Support Questions

Find answers, ask questions, and share your expertise

Monitoring Disk-to-spill from Cloudera Manager

avatar
Explorer

Hello Team,

 

As per Impala release notes for Impala 2.5, 

 

+++++
Spill-to-disk feature now always recommended. In earlier releases, the spill-to-disk feature could be turned off using a pair of configuration settings,
enable_partitioned_aggregation=false and enable_partitioned_hash_join=false.

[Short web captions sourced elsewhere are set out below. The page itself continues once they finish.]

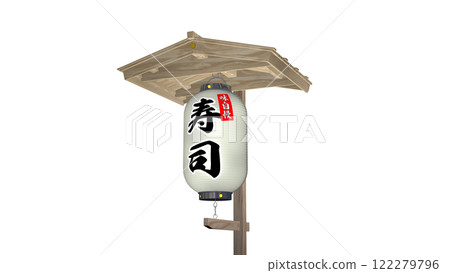 帶有小屋頂的白色燈籠,上面寫著“壽司+美味”(近景) 帶有小屋頂的白色燈籠,上面寫著“壽司+美味”(近景) 122279796
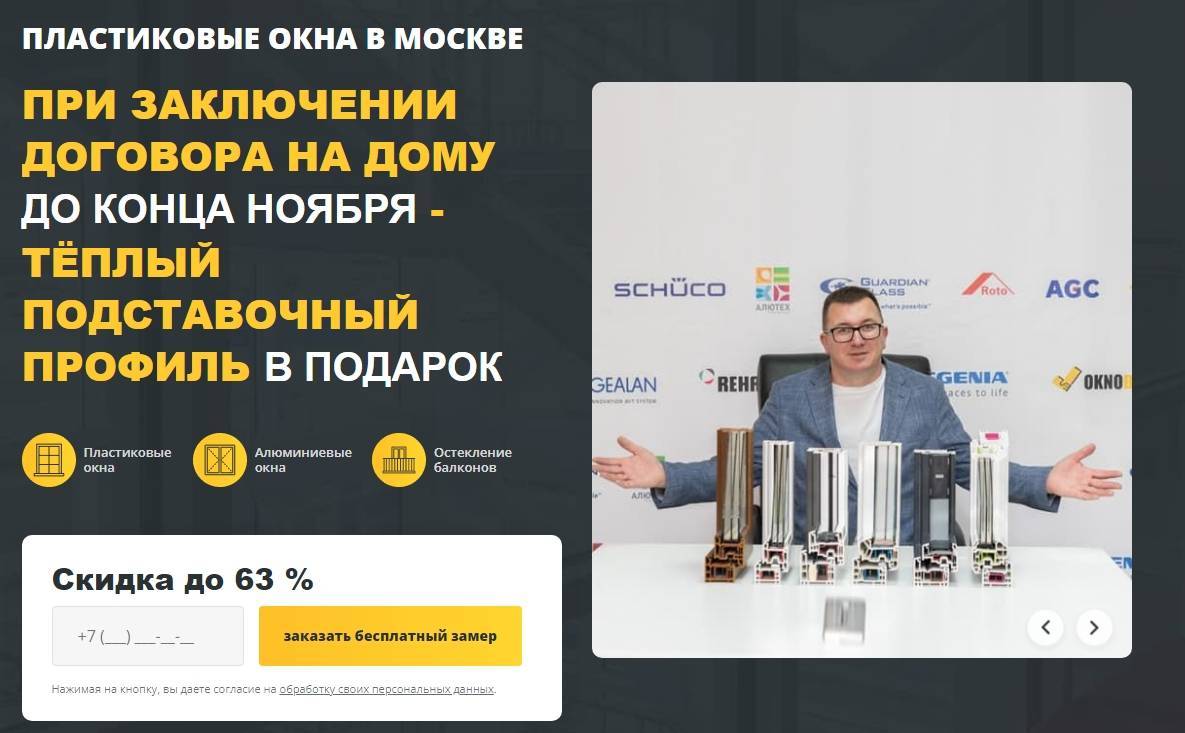 https://oknober.ru/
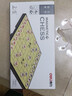 得力（deli）中国象棋磁性吸木棋套装便携式折叠棋盘成人儿童益智桌游开学礼物 实拍图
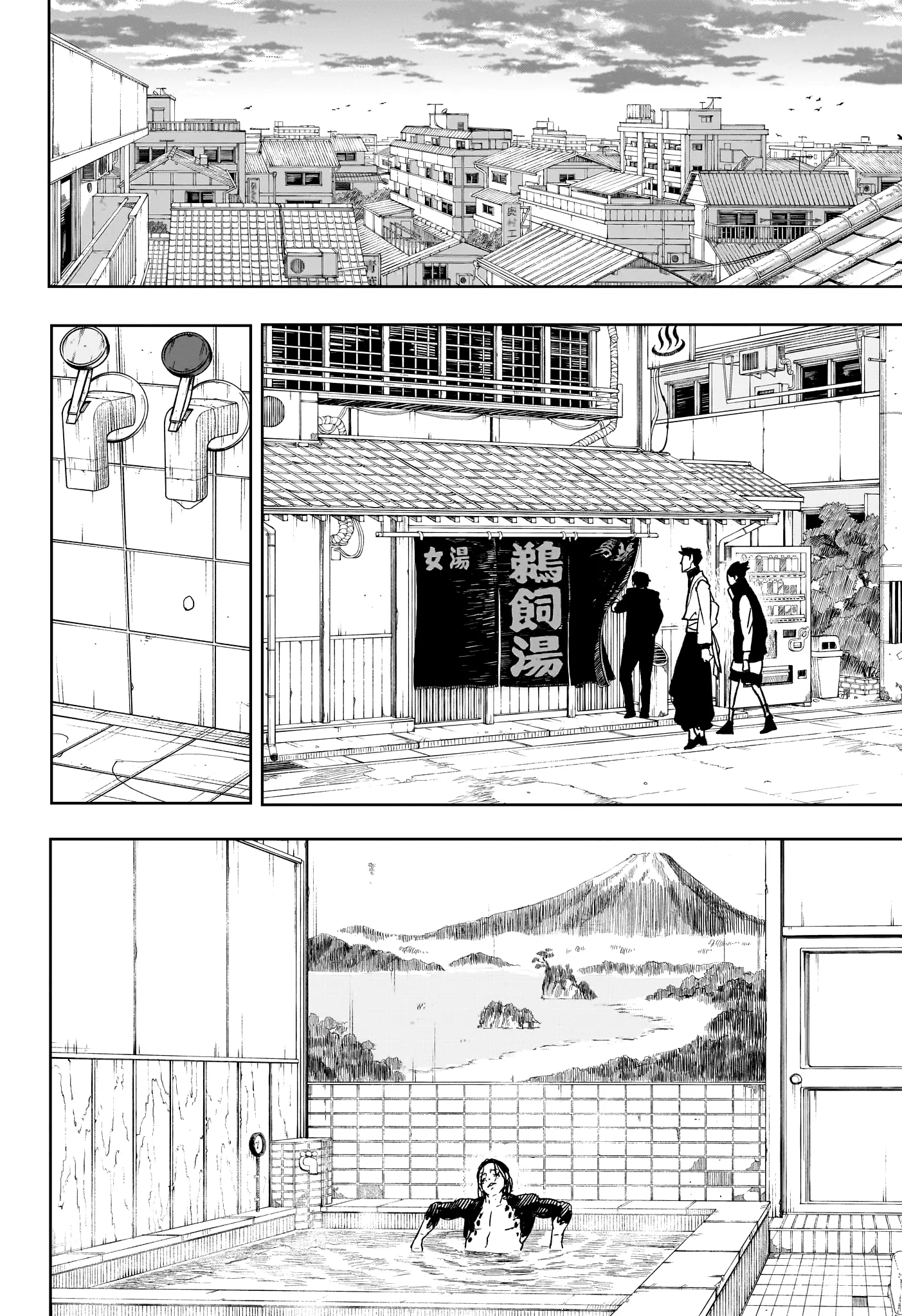 Kagura Bachi - 12 - 67b507e87438b.webp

The latest improvements in the spill-to-disk mechanism, and related features that interact with it, make this feature robust enough that disabling it is now no longer needed or supported. In particular, some new features in Impala 2.5 and higher do not work when the spill-to-disk feature is disabled.
+++++

 

If spill-to-disk is enabled, is there an option to monitor the spill-to-disk instances so that I can monitor the query that is causing it.

11 REPLIES 11

avatar

 

The CM queries tab keeps track of "Memory Spilled" per query. You can choose to display it via "select attributes" and also search for queries based on memory_spilled in the search box. If you click the down array next to the query and look at "query details", the information is in there too.

 

The "Utilization Report" UI also has some aggregate information about memory spilled per resource pool.

 

 

cm-spilled.png

avatar
Explorer

Thanks Tim for your reply.

 

The first option will display the details of the memory spilled per query from the impala query section if that attribute is selected to be displayed.

 

The second option under the utilization section will give us the details of average spill and maximum spill per resource pool.

 

My requirement is that, if I am able enabling spill to disk feature in my cluster, I want to be notified if any spill to disk is happening. Do we have any option in cloudera manager to create this alert? 

 

avatar
Explorer

Is spill-to-disk being logged in any logs? if yes, I can set up an alert from the Splunk.

avatar

Depending on exactly what you want to trigger on, you can use the generic function in CM to trigger based on any tsquery expression: https://www.cloudera.com/documentation/enterprise/latest/topics/cm_dg_triggers_usecases.html . There are a number of metrics tracking spill-to-disk: https://www.cloudera.com/documentation/enterprise/latest/topics/cm_metrics_impala.html

 

I don't fully understand the goal though - generally spill-to-disk happens transparently as part of normal query processing when memory is constrained and isn't cause for concern.

 

If your aim is to prevent runaway spilling, the scratch_limit query option is a direct way to do that: https://www.cloudera.com/documentation/enterprise/latest/topics/impala_scratch_limit.html . You can set the default query option globally or set default query options per-resource-pool via the "Dynamic Resource Pools" UI in CM. https://www.cloudera.com/documentation/enterprise/latest/topics/impala_disable_unsafe_spills.html is also occasionally useful.

avatar
Explorer

Hi Tim,

 

Thank you for your inputs. 

 

I have checked the matrics links given. Is unit "queries per second"  is a list of individual queries or the count of the queries?

 

ex:

 

Metric Name Description Unit Parents CDH Version

queries_spilled_memory_rateImpala queries that spilled to diskqueries per secondclusterCDH 5

 

I  need to track specific queries that are spilling to disk. Means if I am enabling the spill-to-disk option, I need to get an alert if a specific query is spilling memory to disk with the query details so that I can notify the owner of that query.

 

I can set the scratch limit to a specific value to control spill space usage. However, need to track each and every query that spills to disk.

avatar
Explorer

I am using Splunk in my environment. Is it being logged anywhere while a query is spilling to disk? If yes, I can create an alert from Splunk to notify me the query details while spilling to disk happens. 

avatar

I'm planning to get back to you with an answer - just haven't been able to find the time yet 🙂

avatar
Explorer

Any Luck?

avatar

I looked into it and we don't currently support per-query alerts. I passed along this feedback to the Cloudera Manager team. I guess we already covered it, but my two suggestions would be:

  • Set a default scratch_limit per-pool or globally so that users don't accidentally write queries that spill a lot of data
  • Set up monitoring for some aggregate threshold, then use the queries page to discover the spilling queries.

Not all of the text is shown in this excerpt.